◆ TASK TO COMPLETE
Note every line in the entries that contains the string "Фото", and copy it.

◆ MATERIAL TO PROCESS
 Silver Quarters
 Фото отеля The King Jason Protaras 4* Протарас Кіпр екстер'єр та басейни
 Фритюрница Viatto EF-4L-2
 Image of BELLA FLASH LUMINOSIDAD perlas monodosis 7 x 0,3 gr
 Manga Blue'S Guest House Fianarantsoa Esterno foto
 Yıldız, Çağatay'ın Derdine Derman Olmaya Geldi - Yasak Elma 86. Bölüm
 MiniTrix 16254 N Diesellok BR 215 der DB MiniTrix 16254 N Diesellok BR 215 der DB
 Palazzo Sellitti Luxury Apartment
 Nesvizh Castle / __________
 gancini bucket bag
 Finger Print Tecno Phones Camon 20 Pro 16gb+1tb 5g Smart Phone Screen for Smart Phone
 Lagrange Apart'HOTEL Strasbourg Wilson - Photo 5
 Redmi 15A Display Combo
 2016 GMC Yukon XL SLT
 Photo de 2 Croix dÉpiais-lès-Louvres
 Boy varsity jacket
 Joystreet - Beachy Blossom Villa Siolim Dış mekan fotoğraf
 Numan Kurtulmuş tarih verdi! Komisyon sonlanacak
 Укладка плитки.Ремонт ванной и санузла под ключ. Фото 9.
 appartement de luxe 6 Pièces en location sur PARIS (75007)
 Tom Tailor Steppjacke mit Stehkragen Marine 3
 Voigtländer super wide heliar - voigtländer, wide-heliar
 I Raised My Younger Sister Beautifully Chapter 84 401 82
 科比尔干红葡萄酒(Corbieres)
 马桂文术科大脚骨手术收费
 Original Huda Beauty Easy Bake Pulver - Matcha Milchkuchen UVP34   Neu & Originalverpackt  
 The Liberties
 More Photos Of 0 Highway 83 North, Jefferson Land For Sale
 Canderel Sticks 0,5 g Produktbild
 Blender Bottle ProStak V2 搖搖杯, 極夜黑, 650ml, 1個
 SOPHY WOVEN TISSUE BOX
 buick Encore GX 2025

◆ EXERCISE OUTPUT
 Фото отеля The King Jason Protaras 4* Протарас Кіпр екстер'єр та басейни
 Укладка плитки.Ремонт ванной и санузла под ключ. Фото 9.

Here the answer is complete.